**What needs to be done**
I need the records below retyped exactly.
======== Data to process ========
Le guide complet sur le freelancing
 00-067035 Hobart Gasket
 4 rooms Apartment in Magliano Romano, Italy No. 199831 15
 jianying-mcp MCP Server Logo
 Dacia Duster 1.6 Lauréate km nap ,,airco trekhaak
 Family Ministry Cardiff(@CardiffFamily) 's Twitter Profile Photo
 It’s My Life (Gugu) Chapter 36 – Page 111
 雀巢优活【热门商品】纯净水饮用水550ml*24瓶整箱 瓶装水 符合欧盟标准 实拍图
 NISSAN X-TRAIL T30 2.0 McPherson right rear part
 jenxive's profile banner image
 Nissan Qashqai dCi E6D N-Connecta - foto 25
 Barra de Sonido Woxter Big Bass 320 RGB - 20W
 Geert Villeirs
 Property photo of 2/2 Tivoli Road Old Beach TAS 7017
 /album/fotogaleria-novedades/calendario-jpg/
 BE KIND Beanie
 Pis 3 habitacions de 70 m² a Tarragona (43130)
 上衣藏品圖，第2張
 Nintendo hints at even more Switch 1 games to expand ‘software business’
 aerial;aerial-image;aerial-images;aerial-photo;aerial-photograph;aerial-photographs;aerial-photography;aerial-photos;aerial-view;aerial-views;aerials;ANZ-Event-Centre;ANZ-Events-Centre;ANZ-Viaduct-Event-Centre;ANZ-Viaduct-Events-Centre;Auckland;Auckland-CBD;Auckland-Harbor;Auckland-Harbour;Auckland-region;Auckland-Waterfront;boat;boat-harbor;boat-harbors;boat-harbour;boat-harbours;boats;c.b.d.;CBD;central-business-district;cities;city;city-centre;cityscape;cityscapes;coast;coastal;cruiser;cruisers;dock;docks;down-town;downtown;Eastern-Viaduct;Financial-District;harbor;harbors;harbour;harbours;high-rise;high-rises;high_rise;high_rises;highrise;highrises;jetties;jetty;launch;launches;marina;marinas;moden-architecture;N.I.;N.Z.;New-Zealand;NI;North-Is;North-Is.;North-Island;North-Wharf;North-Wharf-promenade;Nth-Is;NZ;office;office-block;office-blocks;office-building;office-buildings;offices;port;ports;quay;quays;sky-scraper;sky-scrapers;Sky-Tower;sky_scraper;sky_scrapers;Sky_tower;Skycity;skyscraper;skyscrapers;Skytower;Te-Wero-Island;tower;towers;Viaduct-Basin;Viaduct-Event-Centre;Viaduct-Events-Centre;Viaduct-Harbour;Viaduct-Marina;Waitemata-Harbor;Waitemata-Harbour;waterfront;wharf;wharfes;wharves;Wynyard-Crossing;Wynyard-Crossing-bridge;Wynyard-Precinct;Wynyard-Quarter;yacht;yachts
========
**Task solution**
Le guide complet sur le freelancing
 00-067035 Hobart Gasket
 4 rooms Apartment in Magliano Romano, Italy No. 199831 15
 jianying-mcp MCP Server Logo
 Dacia Duster 1.6 Lauréate km nap ,,airco trekhaak
 Family Ministry Cardiff(@CardiffFamily) 's Twitter Profile Photo
 It’s My Life (Gugu) Chapter 36 – Page 111
 雀巢优活【热门商品】纯净水饮用水550ml*24瓶整箱 瓶装水 符合欧盟标准 实拍图
 NISSAN X-TRAIL T30 2.0 McPherson right rear part
 jenxive's profile banner image
 Nissan Qashqai dCi E6D N-Connecta - foto 25
 Barra de Sonido Woxter Big Bass 320 RGB - 20W
 Geert Villeirs
 Property photo of 2/2 Tivoli Road Old Beach TAS 7017
 /album/fotogaleria-novedades/calendario-jpg/
 BE KIND Beanie
 Pis 3 habitacions de 70 m² a Tarragona (43130)
 上衣藏品圖，第2張
 Nintendo hints at even more Switch 1 games to expand ‘software business’
 aerial;aerial-image;aerial-images;aerial-photo;aerial-photograph;aerial-photographs;aerial-photography;aerial-photos;aerial-view;aerial-views;aerials;ANZ-Event-Centre;ANZ-Events-Centre;ANZ-Viaduct-Event-Centre;ANZ-Viaduct-Events-Centre;Auckland;Auckland-CBD;Auckland-Harbor;Auckland-Harbour;Auckland-region;Auckland-Waterfront;boat;boat-harbor;boat-harbors;boat-harbour;boat-harbours;boats;c.b.d.;CBD;central-business-district;cities;city;city-centre;cityscape;cityscapes;coast;coastal;cruiser;cruisers;dock;docks;down-town;downtown;Eastern-Viaduct;Financial-District;harbor;harbors;harbour;harbours;high-rise;high-rises;high_rise;high_rises;highrise;highrises;jetties;jetty;launch;launches;marina;marinas;moden-architecture;N.I.;N.Z.;New-Zealand;NI;North-Is;North-Is.;North-Island;North-Wharf;North-Wharf-promenade;Nth-Is;NZ;office;office-block;office-blocks;office-building;office-buildings;offices;port;ports;quay;quays;sky-scraper;sky-scrapers;Sky-Tower;sky_scraper;sky_scrapers;Sky_tower;Skycity;skyscraper;skyscrapers;Skytower;Te-Wero-Island;tower;towers;Viaduct-Basin;Viaduct-Event-Centre;Viaduct-Events-Centre;Viaduct-Harbour;Viaduct-Marina;Waitemata-Harbor;Waitemata-Harbour;waterfront;wharf;wharfes;wharves;Wynyard-Crossing;Wynyard-Crossing-bridge;Wynyard-Precinct;Wynyard-Quarter;yacht;yachts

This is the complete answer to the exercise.